Abstract 1989: Regulation of Compensatory Angiogenesis During Cardiac Hypertrophy by a p300 - miR-17392 Feedback Loop
Background: Failure of compensatory angiogenesis may contribute to decompensation of cardiac hypertrophy. We previously showed that a myocyte-restricted p300 transgene drives adaptive cardiac hypertrophy that leads to heart failure between 6 –9 months of age. Hypothesis: p300 drives the transition of hypertrophy to heart failure by regulating an angiogenic transcriptional program, which includes major angiogenic genes, transcription factors, and microRNAs.

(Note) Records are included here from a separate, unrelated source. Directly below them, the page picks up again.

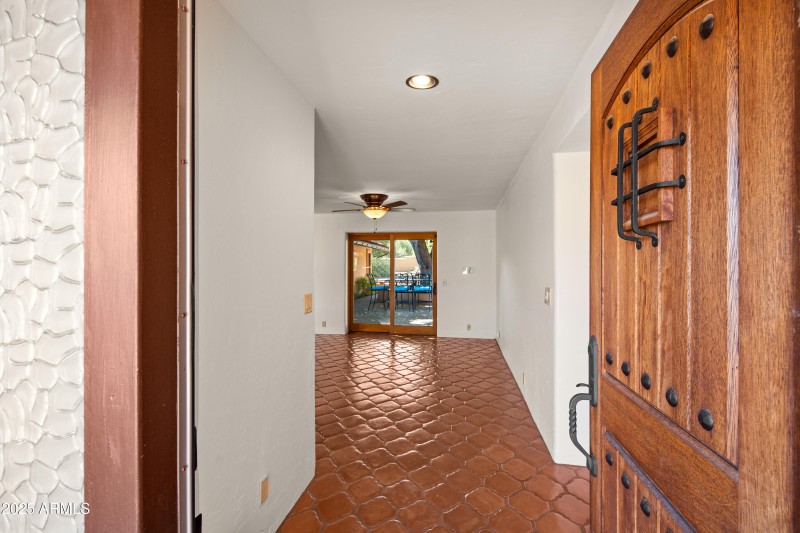 JL_105ViaDelViento-interiors-CommonAreas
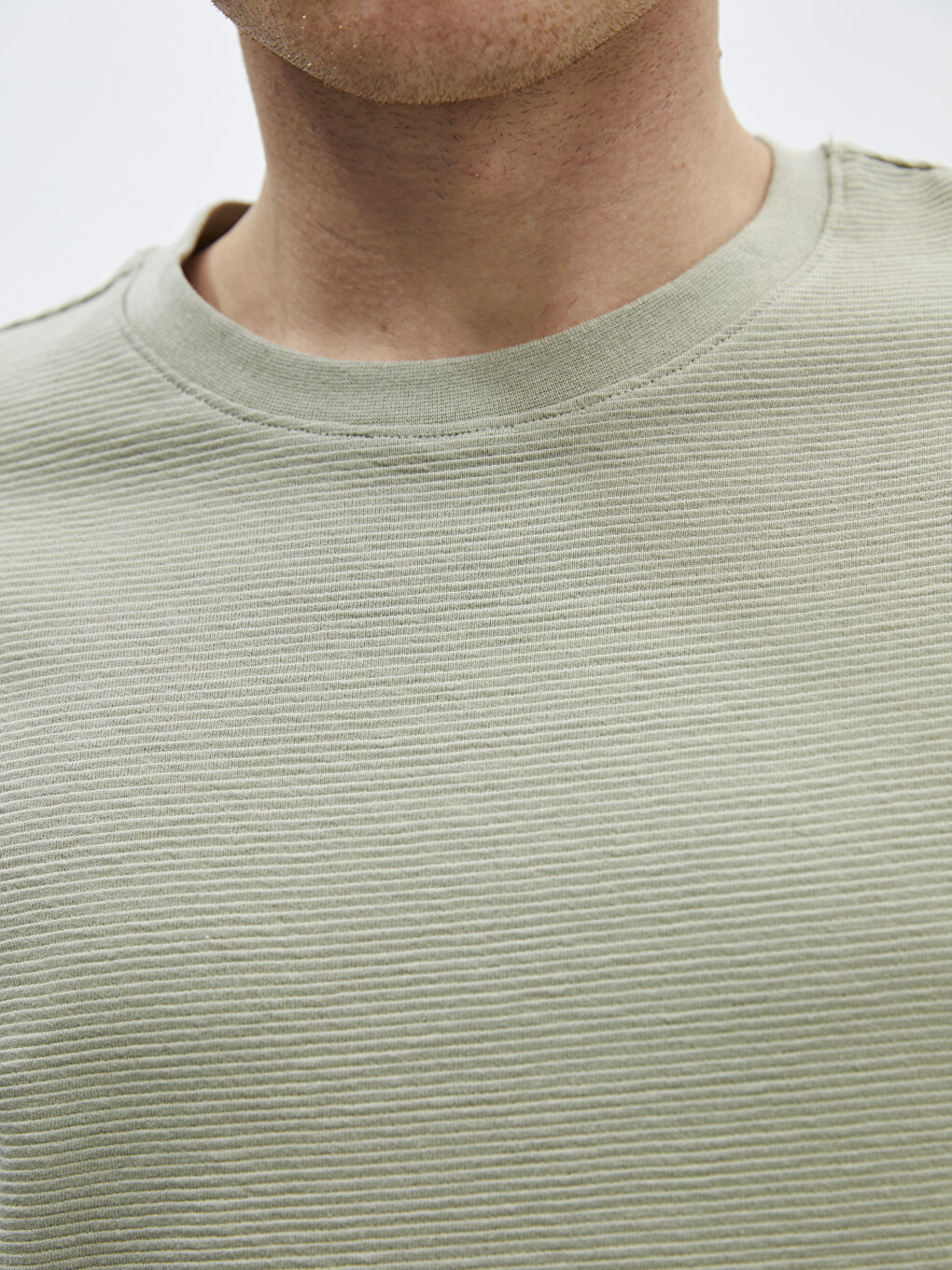 Ерлерге арналған дөңгелек жағалы қысқа жең футболка-3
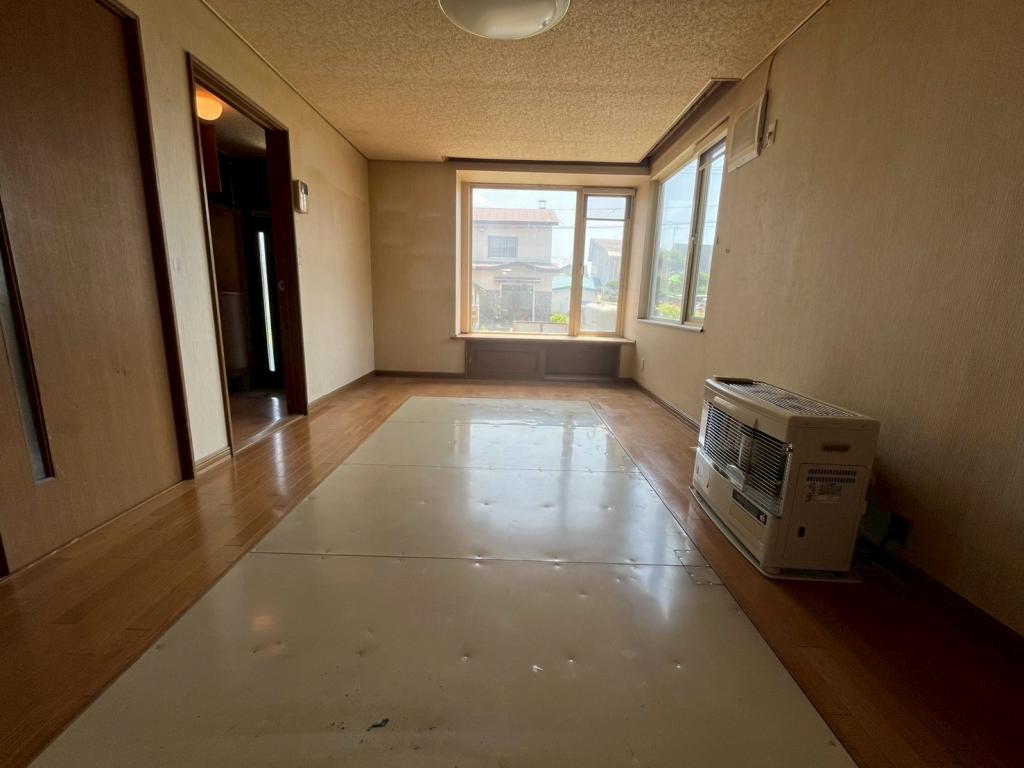 【中古住宅】　帯広市緑ヶ丘2条通　駐車2台可能　大型地下あり  内観
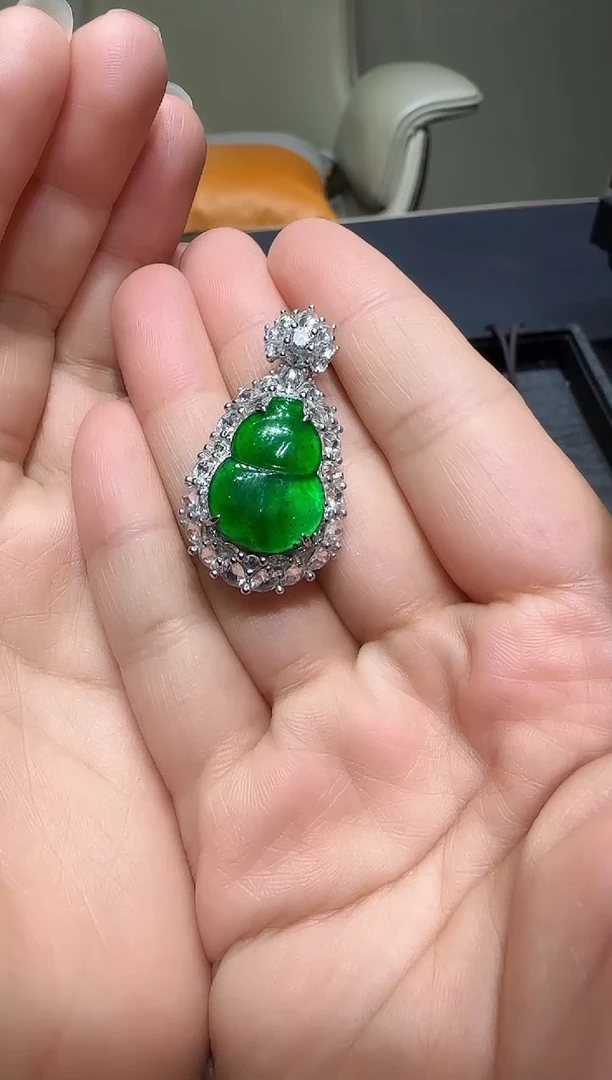 【闪购商品】翡翠吊坠(不含链)银S925镶嵌翡翠葫芦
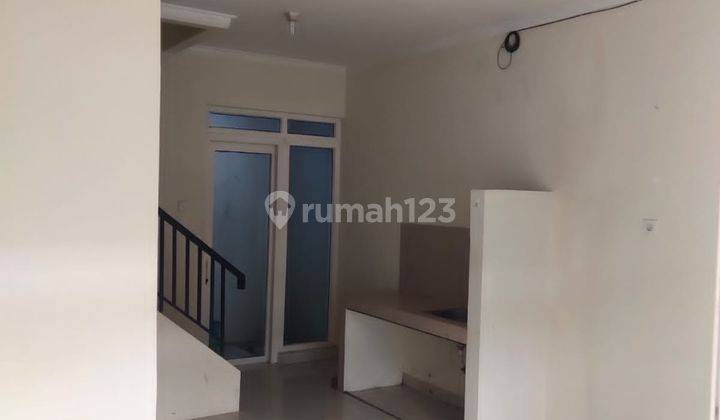 Rumah 2 lantai disewakan di Park Residence, Taman Surya 5, daerah Cengkareng  2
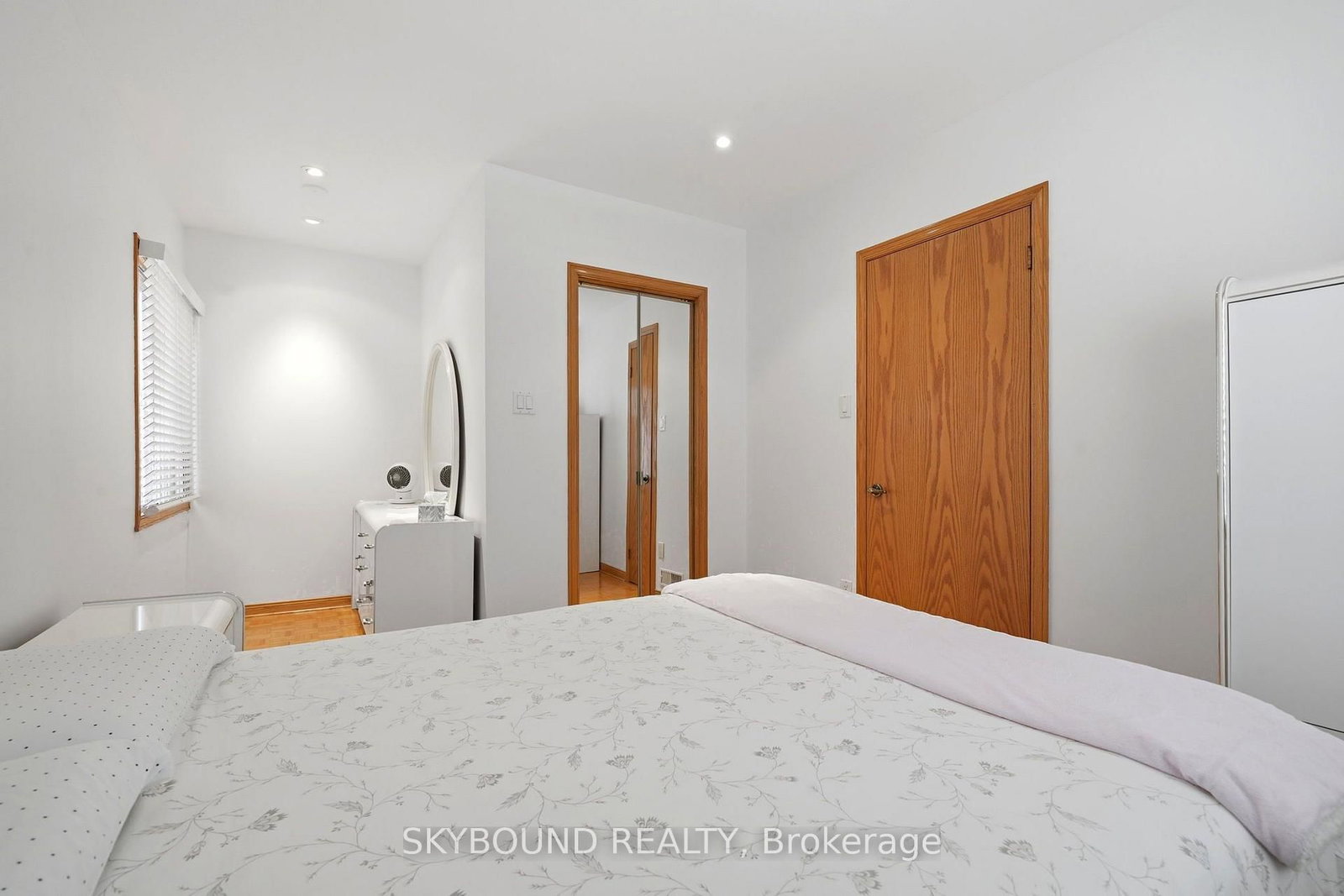 313 Silverthorn Avenue • Toronto, ON photo 19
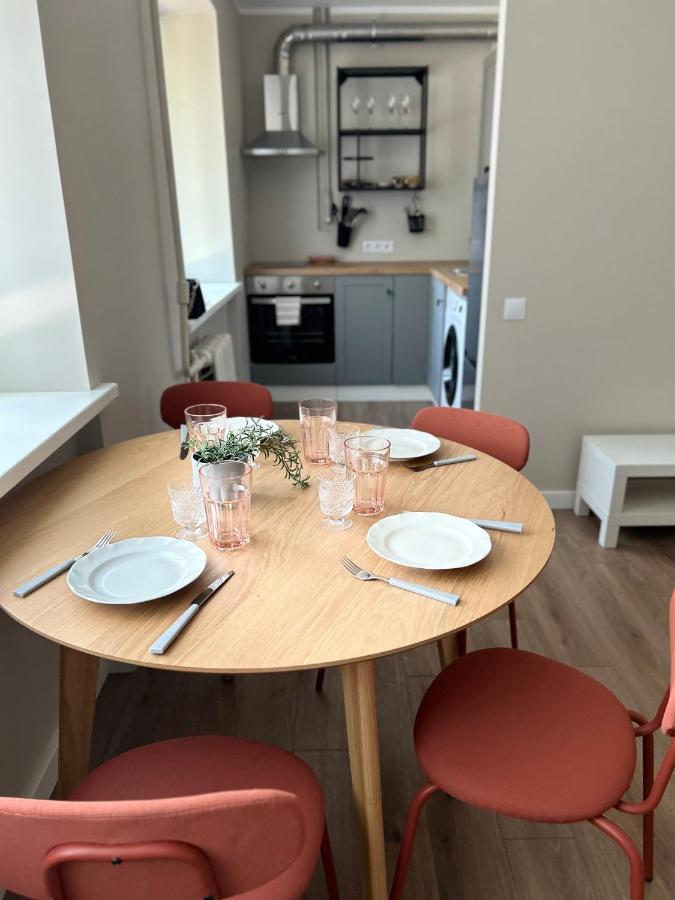 Skandi Appartments In Saldus City Center Buitenkant foto
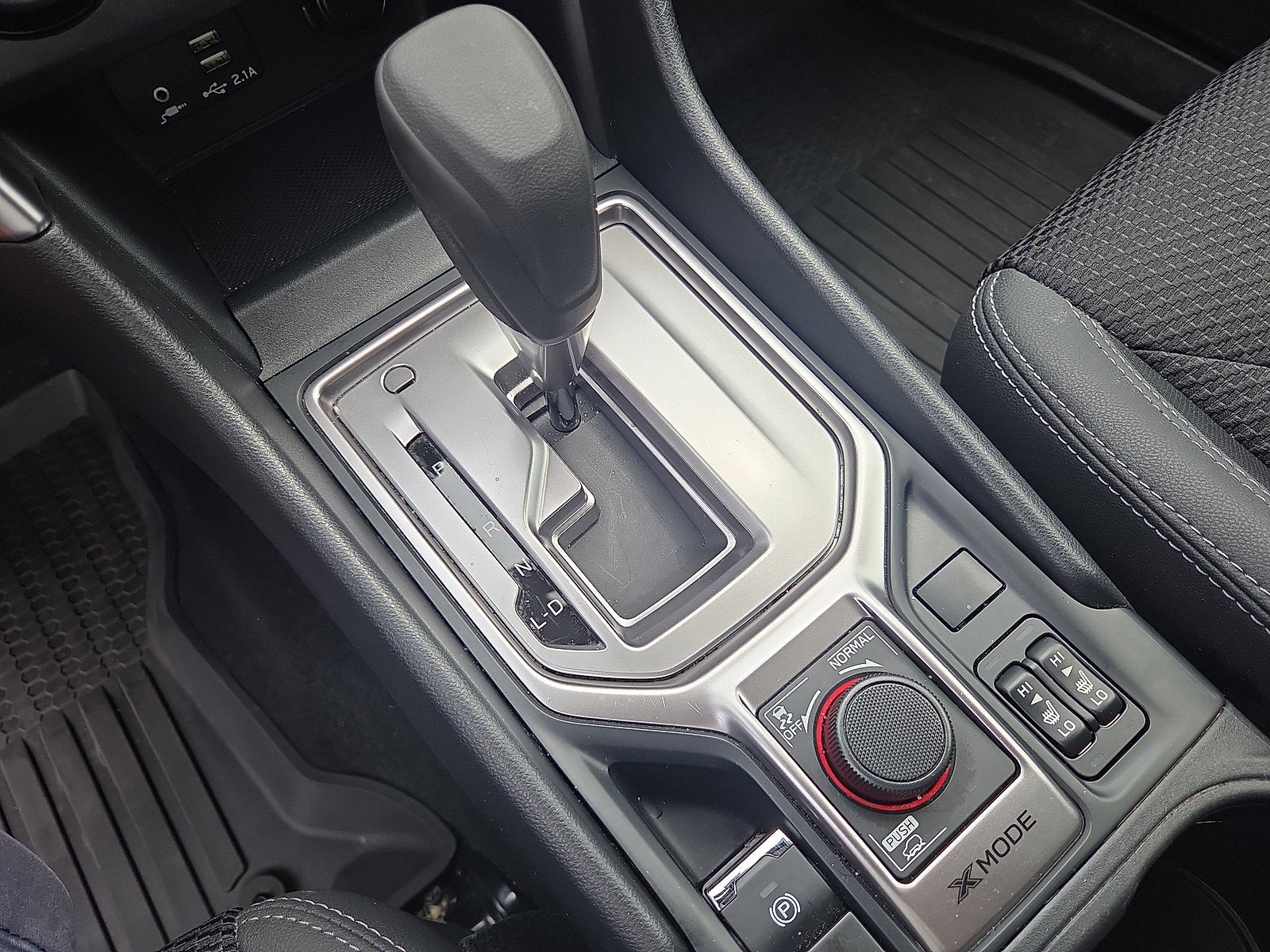 2023 Subaru Forester Premium AWD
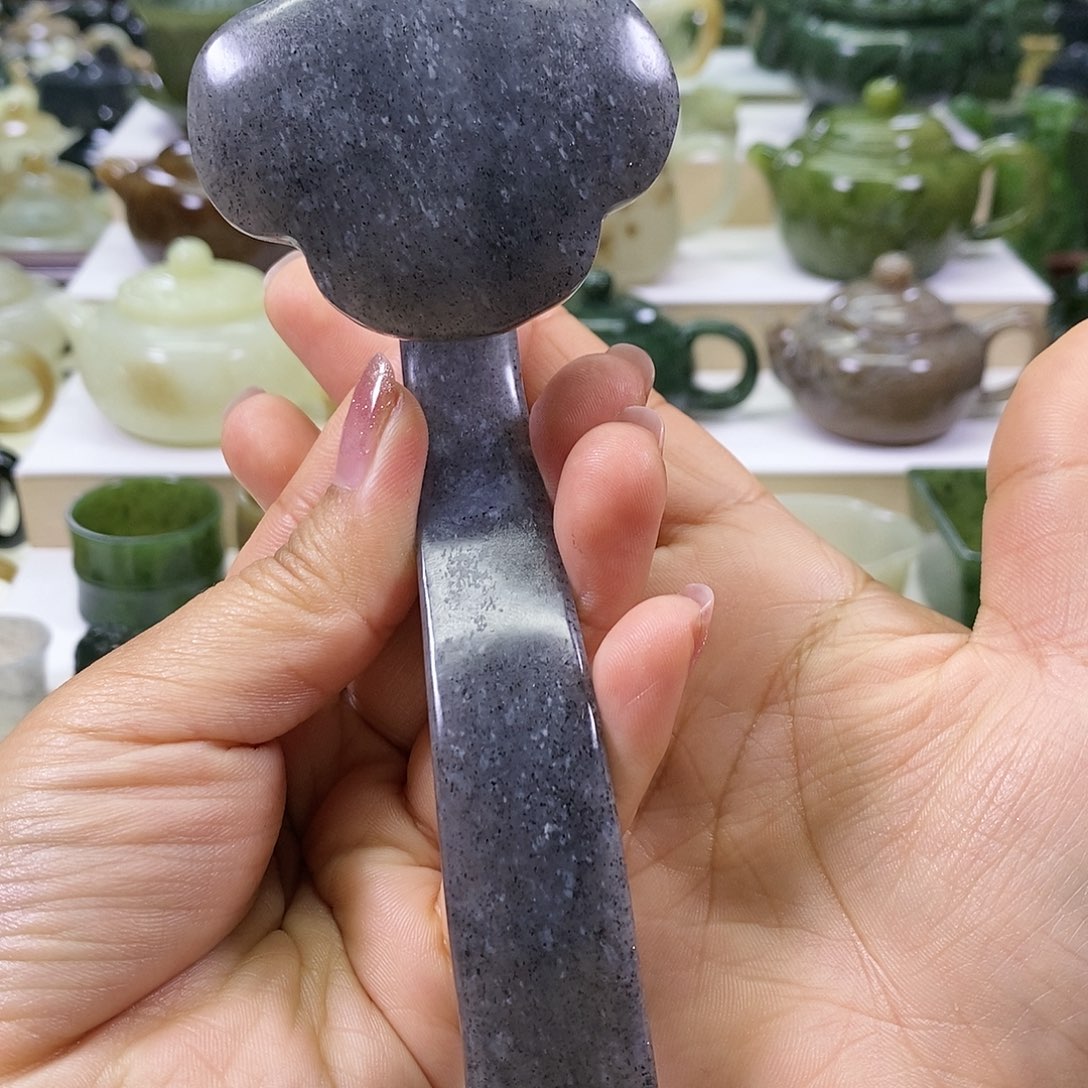 和田玉如意未镶嵌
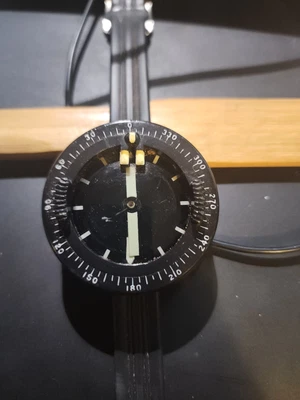 $10 • Buy Vintage Underwater Ikelite Wrist Compass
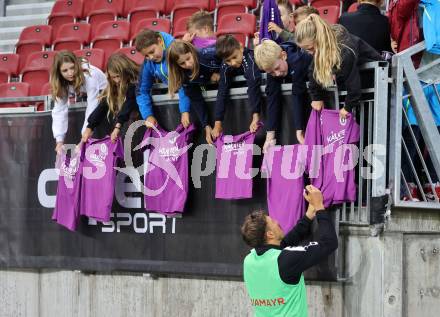 Fussball Bundesliga. SK Austria Klagenfurt gegen SC Austria Lustenau.  Christopher Wernitznig, Fans  (Klagenfurt).  Klagenfurt, am 23.9.2023.
Foto: Kuess
---
pressefotos, pressefotografie, kuess, qs, qspictures, sport, bild, bilder, bilddatenbank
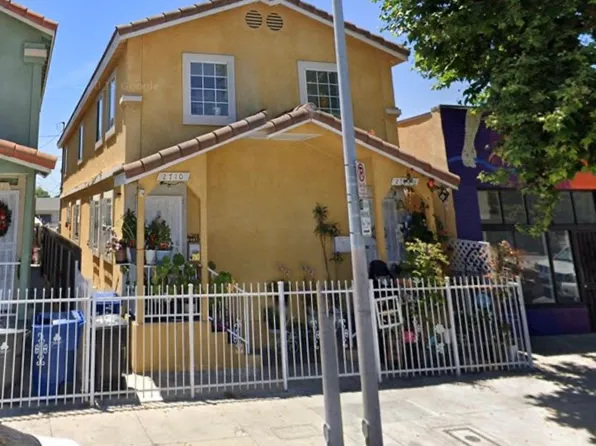 2710 W 54th St #1/2, Los Angeles, CA 90043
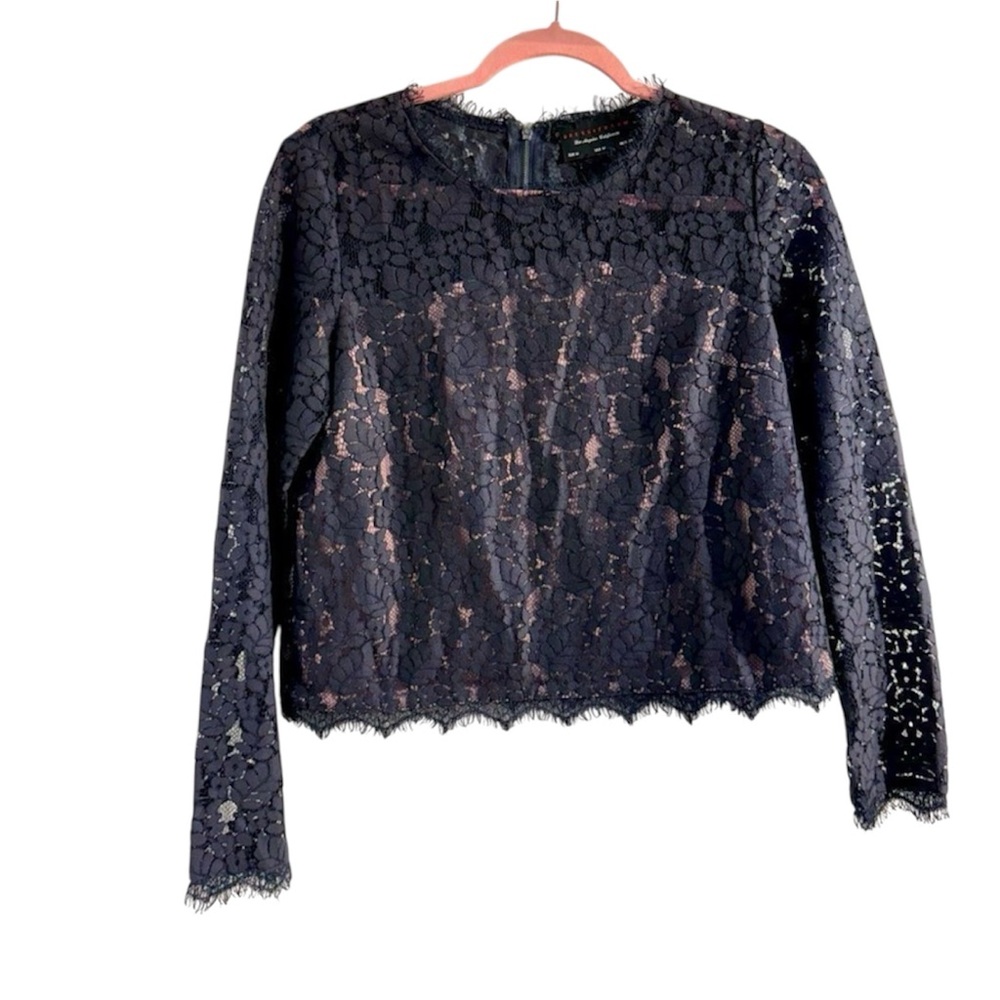 Dress Forum Black Cropped Embellished Blouse Sz‎ M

Results: p300-driven hypertrophy was initially accompanied by robust angiogenic gene expression and blood vessel growth. Onset of heart failure was preceded by a steep fall in angiogenic transcripts and a rise in miR-17~92 transcripts. Consistently, in vivo, all members of the miR-17~92 cluster were upregulated in cardiac myocytes over-expressing p300. p300 bound directly to a regulatory sequence within the miR17~92 cluster in vivo, in inverse proportion to HDAC9 binding. MiR-20a suppressed both p300 (FC=0.05; p=0.001) and HIF-1A (FC=0.03; p=0.05) transcripts, and blocked vasculogenic differentiation of cardiac stem cells. MiR-20a reduced HIF-1A protein level in CSCs in the cytosol (in air) and in the nucleus (in 2 hour hypoxia). MiR-20a significantly (p<.01) decreased proliferation of CSCs relative to untransduced CSCs and CSCs with the scrambled miR, without affecting cell viablility. Cell cycle analysis showed that miR-20a significantly reduced the progression of CSCs through the cell cycle. Both cardiomyocytes and cardiac stem cells over-expressing miR-20a had reduced F-actin content and sarcomere organization, consistent with p300 loss, while loss of miR-20a changed CSC morphology by inducing cellular projections, a vasculogenic gene profile and increased vasculogenesis in both matrigel assay and co-culture with cardiomyocytes.
Conclusion: We propose that both angiogenic genes and anti-angiogenic miRs are transcription targets of p300. The p300 target miR-20a negatively regulates proliferation and angiogenic potential of CSCs, and induction of miR-20a is part of a negative feedback loop that suppresses p300 and secondarily blunts compensatory angiogenesis, leading to heart failure.
This research has received full or partial funding support from the American Heart Association, National Center.